*EXERCISE DESCRIPTION:* Exactly as written, copy every line from the one containing "Used 2024 Chevrolet" through the end of the records, with the pictures left out.

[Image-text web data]
☆ ☆ ☆ ☆

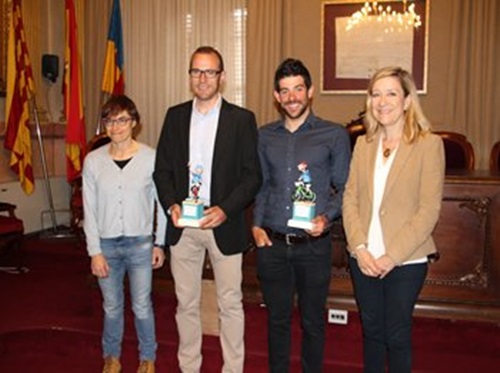 Els ciclistes Joan Font i Ignació Ávila reben el reconeixement de Vilanova. Ajuntament de Vilanova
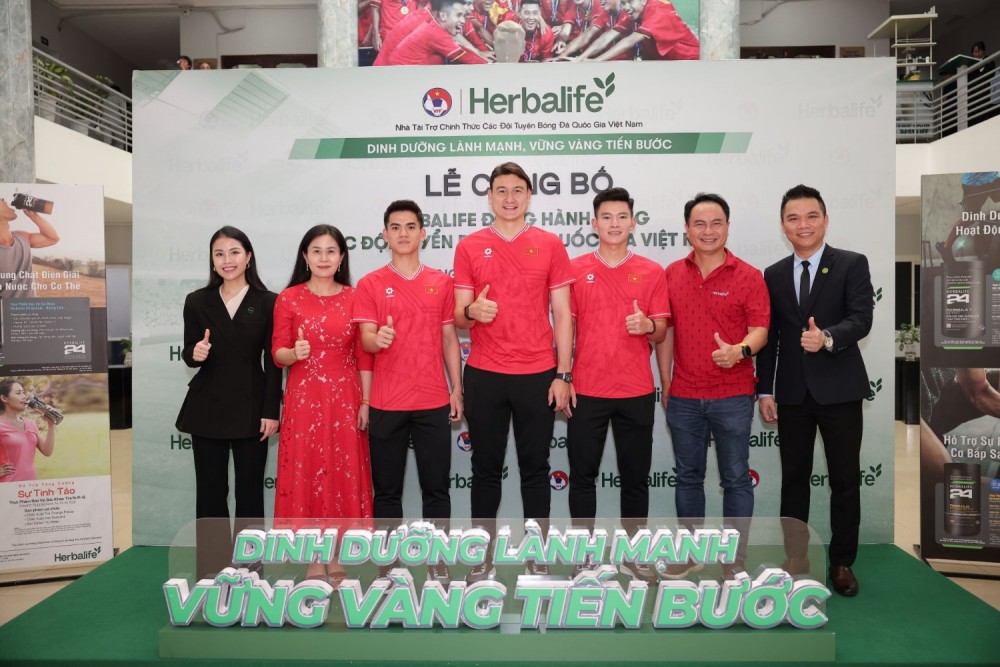 Theo đó, Herbalife Việt Nam đã đánh dấu hành trình mới trong 3 năm tiếp theo (2024-2027) với Liên Đoàn Bóng Đá Việt Nam (LĐBĐVN).
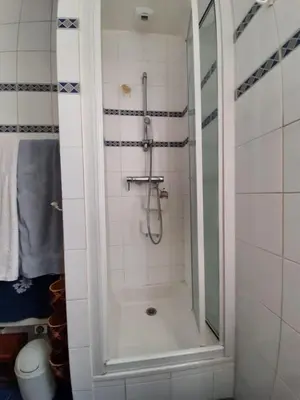 Salle de bains dans l'établissement Chambres d'hôtes calmes sur jardin Paris Batignolles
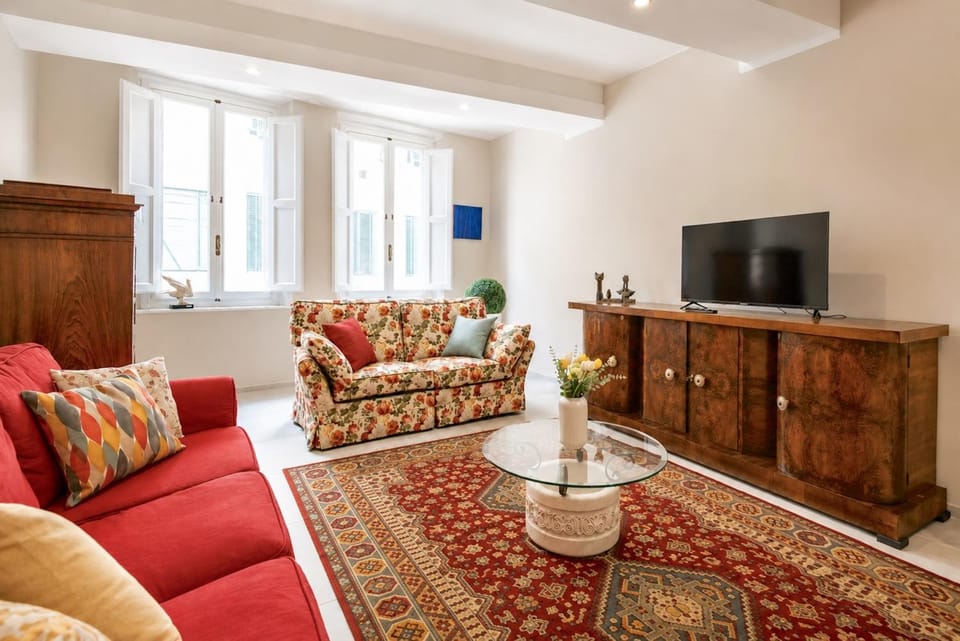 Communal lounge/ TV room, Living room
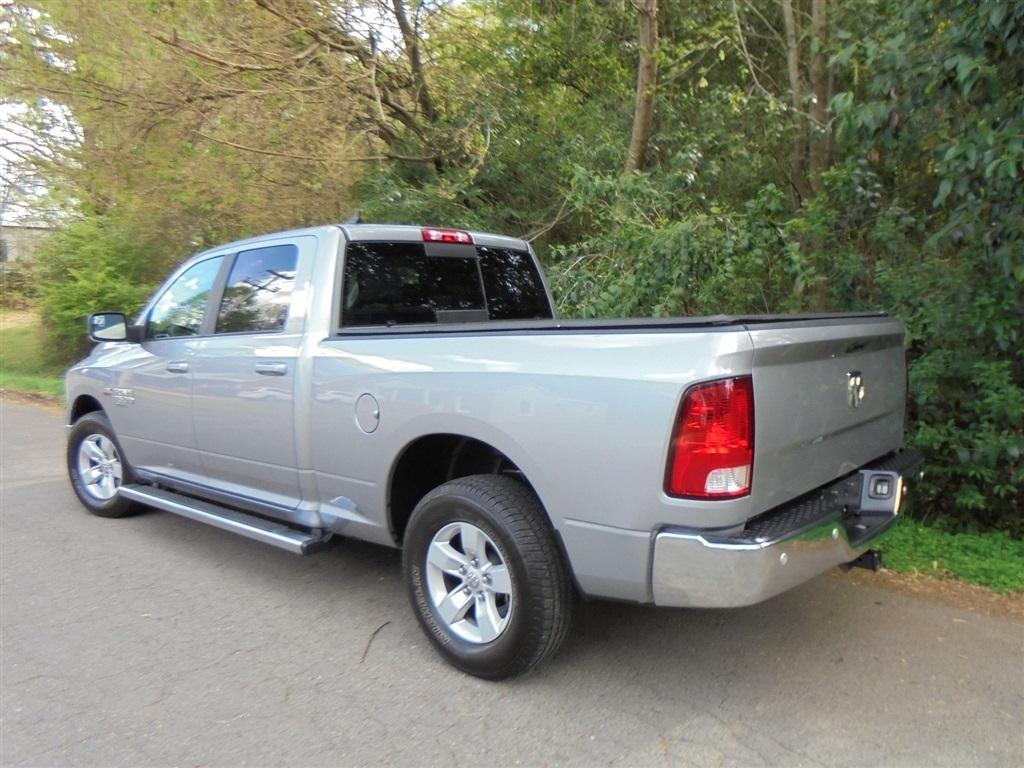 RAM 1500 Classic SLT 4x2 Crew Cab 6'4" Box 2020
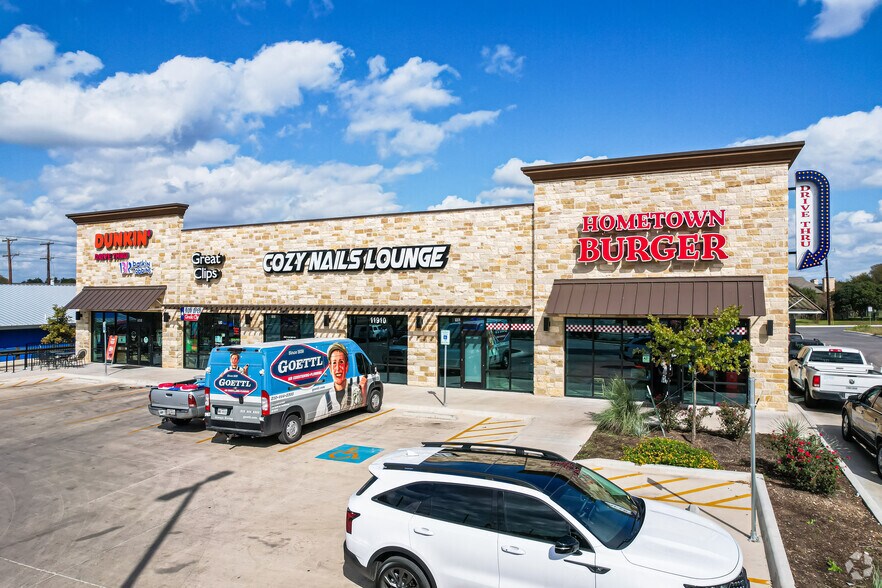 More Photos Of 11900 Blanco Rd, San Antonio General Retail For Lease
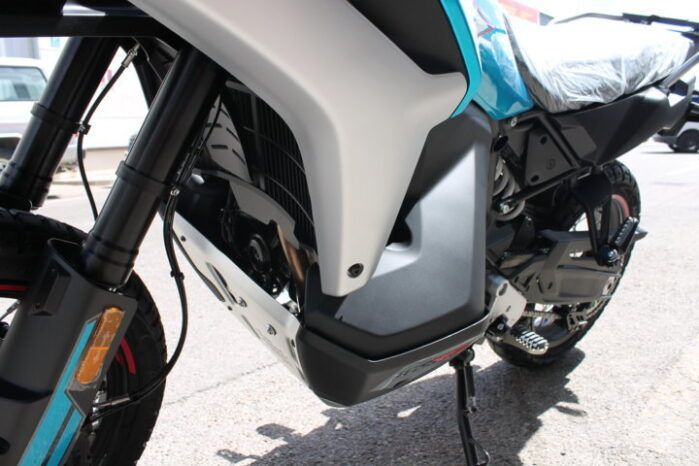 
								CFMOTO 800 MT-X full									
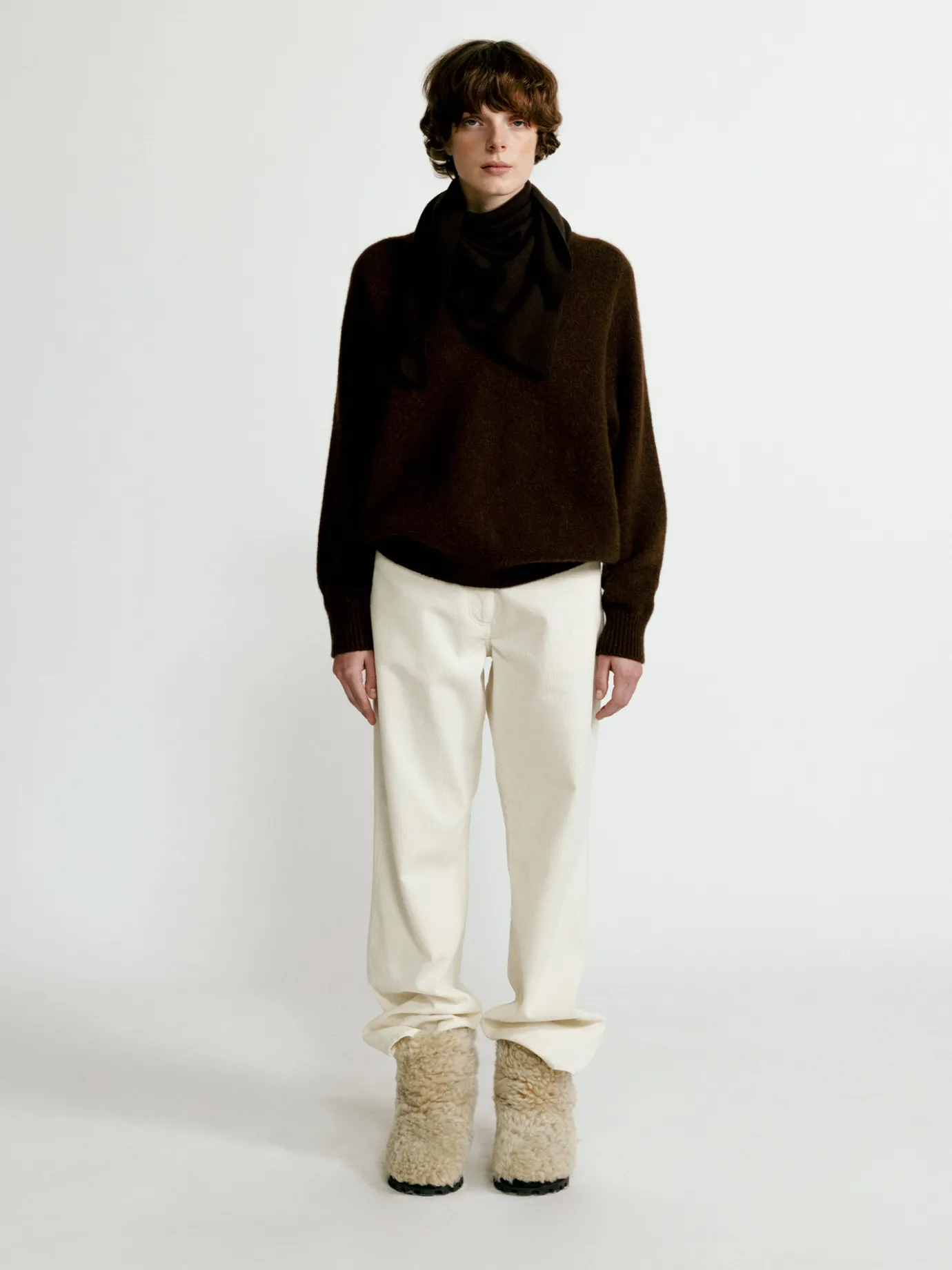 Nothing written Accessories-Triangle cashmere muffler (Brown)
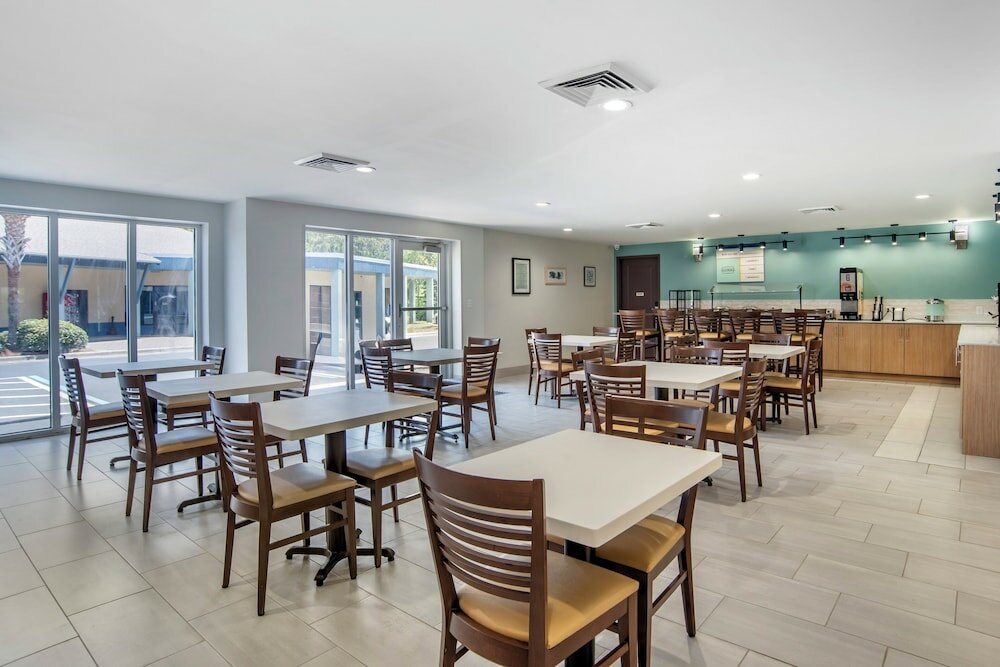 Фото Sleep Inn and Suites Panama City Beach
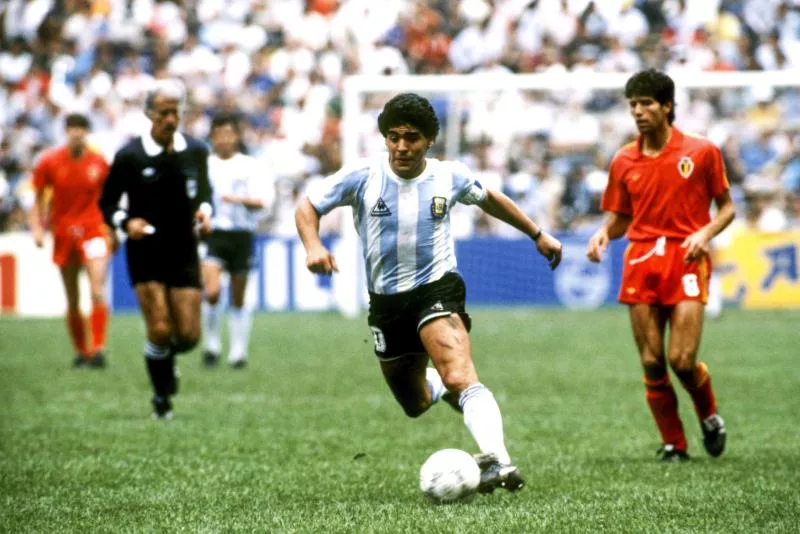 Le maillot mythique de Maradona en 86 remis aux enchères !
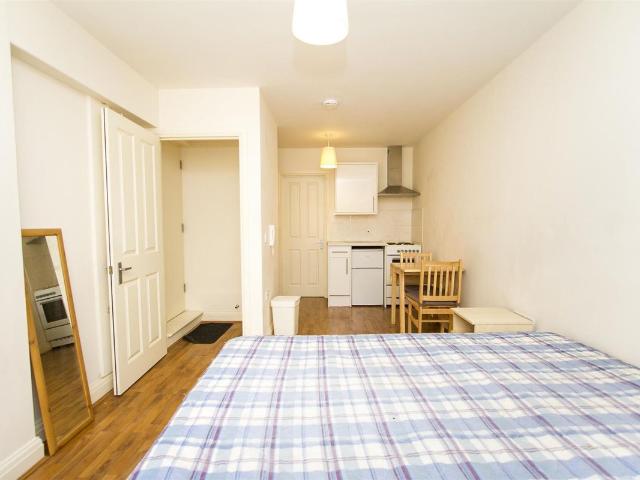 Studio for rent in Hendon, Greater London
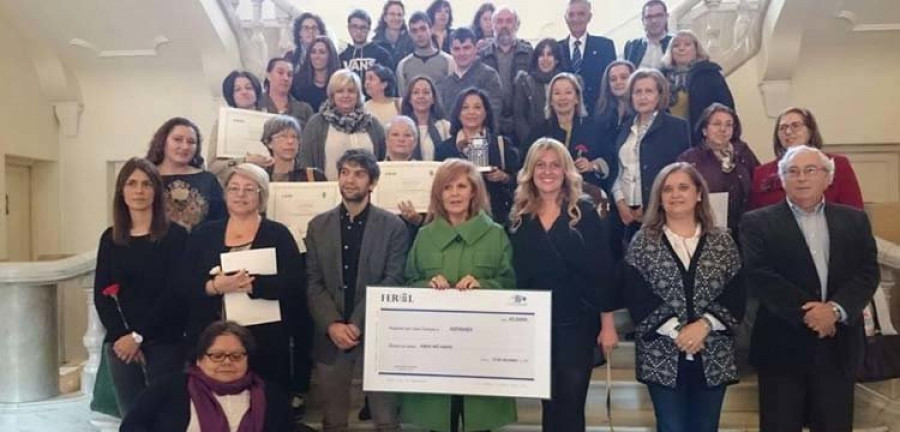 El PP denuncia la falta de interés del gobierno por el Premio Solidario 2016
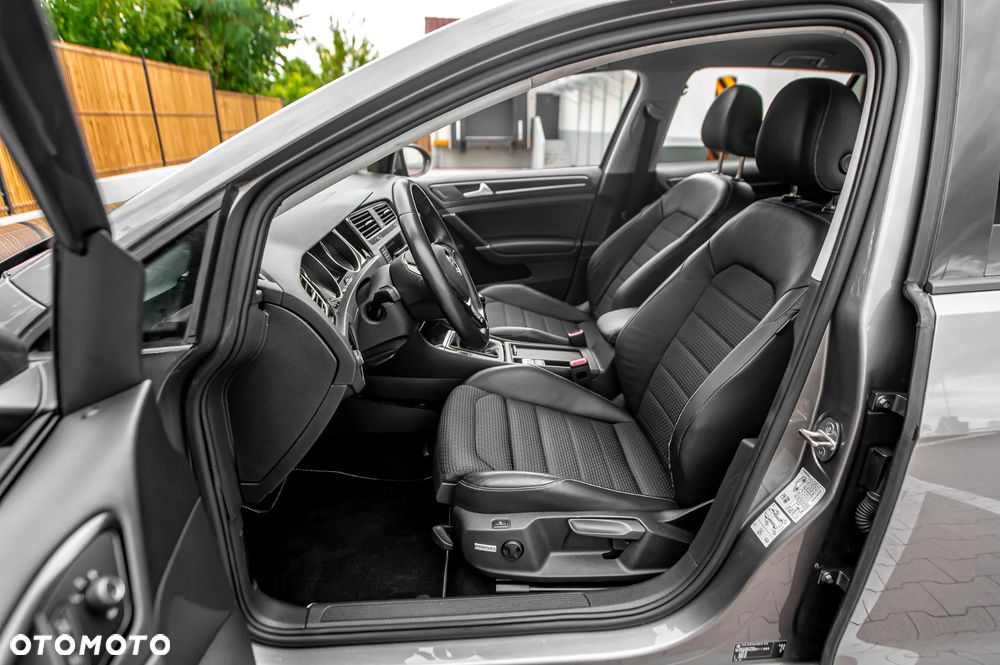 Volkswagen Golf 1.4 TSI BMT Highline - 21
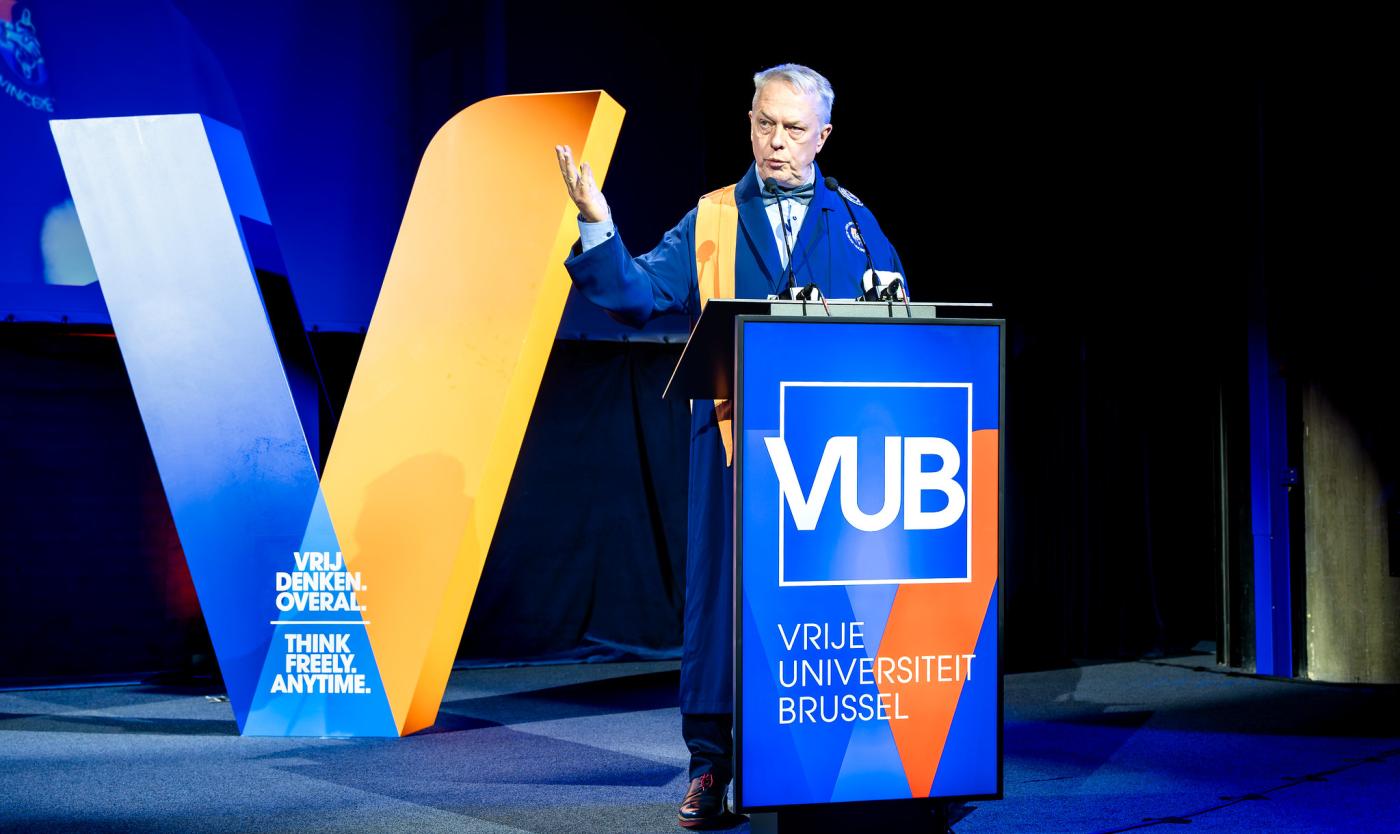 20250923_VUB_Academische_Opening_2025_ByThierryGeenen_0161 Afbeelding Jan Danckaert Academische opening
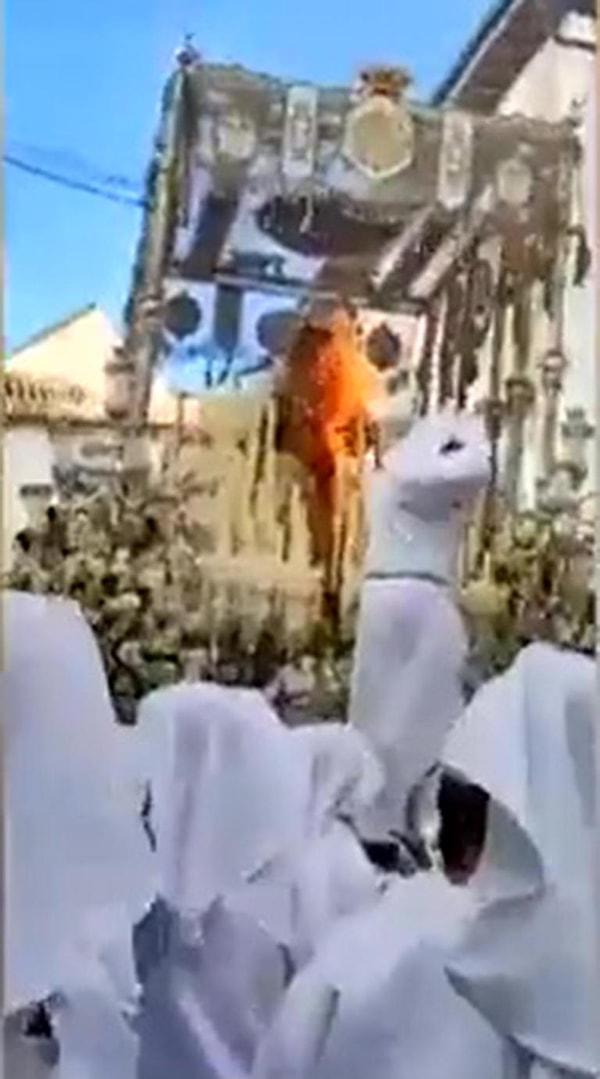 İspanya'nın Vélez-Málaga kentinde Paskalya geçit töreni sırasında Meryem Ana heykeli alevler içinde kalırken heykelin büyük kısmı zarar gördü.
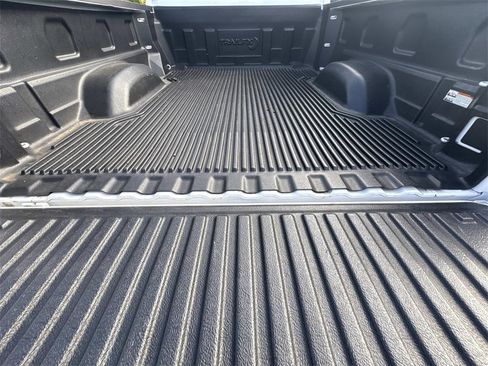 Used 2024 Chevrolet Silverado 2500 LT image 17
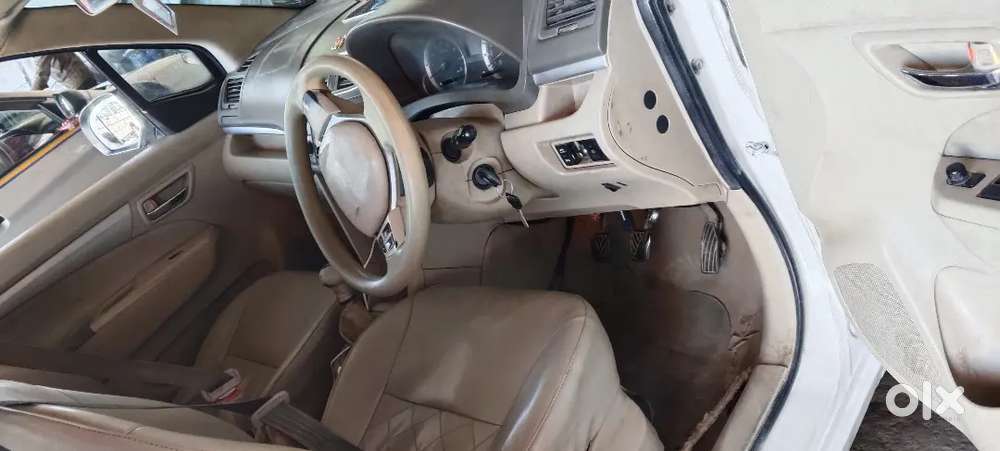 Maruti Suzuki Ertiga 2016 Cng 80000 Km Driven Well Maintained Car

☆ ☆ ☆ ☆

*EXERCISE SOLUTION:*
 Used 2024 Chevrolet Silverado 2500 LT image 17
 Maruti Suzuki Ertiga 2016 Cng 80000 Km Driven Well Maintained Car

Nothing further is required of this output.